During Defense Secretary Pete Hegseth’s appearances on Capitol Hill last week, he repeatedly leaned on a lazy rhetorical strategy: Confronted with tough questions, the beleaguered Pentagon chief tried to defend himself by changing the subject to the recent past.

When Hegseth was pressed, for example, to defend his record of mass firings at the Defense Department, he had an answer he appeared to have prepared in advance. “Under Barack Obama, 197 general officers were removed,” he said in sworn testimony. “So this is not something specific to this administration.”

The problem, however, is that the secretary’s defense wasn’t true, and as The New York Times reported, “The number Mr. Hegseth gave has no basis in fact.”

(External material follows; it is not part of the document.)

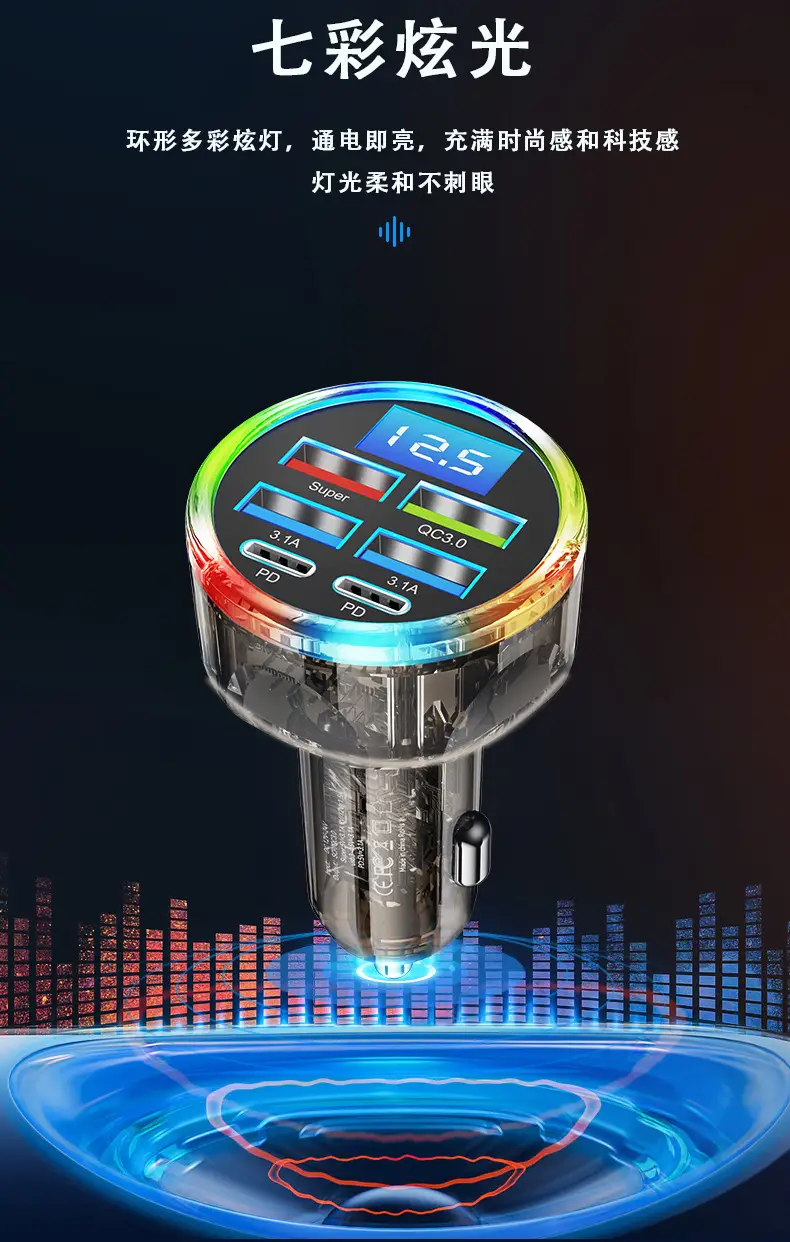 6-in-1 Super Fast Charging Car Charger 66W Smart — feature 3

Making matters worse, this was not the only instance in which the former Fox News host relied on false claims about recent Democratic administrations.

The defense secretary was also asked whether he’d be willing to deploy U.S. troops to local voting precincts ahead of this year’s midterm elections. Instead of answering the question directly, Hegseth again looked backwards, in keeping with his borderline-creepy fixation on Joe Biden.

“I will note that in 2024, troops were — that was Joe Biden by the way, Joe Biden — were deployed to polling locations in 15 states,” Hegseth said in sworn testimony to the House Armed Services Committee. For good measure, he repeated, “2024 — Joe Biden — troops deployed to polling locations in 15 states. Explain that one to me.”

A day later, the secretary made the same claim in nearly identical wording during sworn testimony to the Senate Armed Services Committee.

Readers can probably guess where this is headed. CNN reported:

All of the National Guard activations connected to the 2024 election were ordered by state governors, not by Biden. And all 12 of the states that responded to CNN’s requests for information said that none of their troops were deployed to polling locations.

Rather, the states said their Guard personnel worked behind the scenes at other locations — helping with election cybersecurity or serving as internal liaisons — or that their state Guard was not actually activated for the election after all.

Or put another way, Hegseth didn’t merely push a false claim about the Obama era, he also twice pushed a very specific false claim about the Biden era about which he got literally every detail wrong.

I will leave it to legal experts to assess whether the secretary crossed any lines by saying untrue things to Congress while under oath, but at this point, there are two questions the secretary and the Pentagon really ought to answer: (1) How and why did Hegseth prepare bogus talking points for sworn congressional testimony? and (2) Maybe now Hegseth can answer truthfully and specifically about his possible plans for the 2026 midterm elections?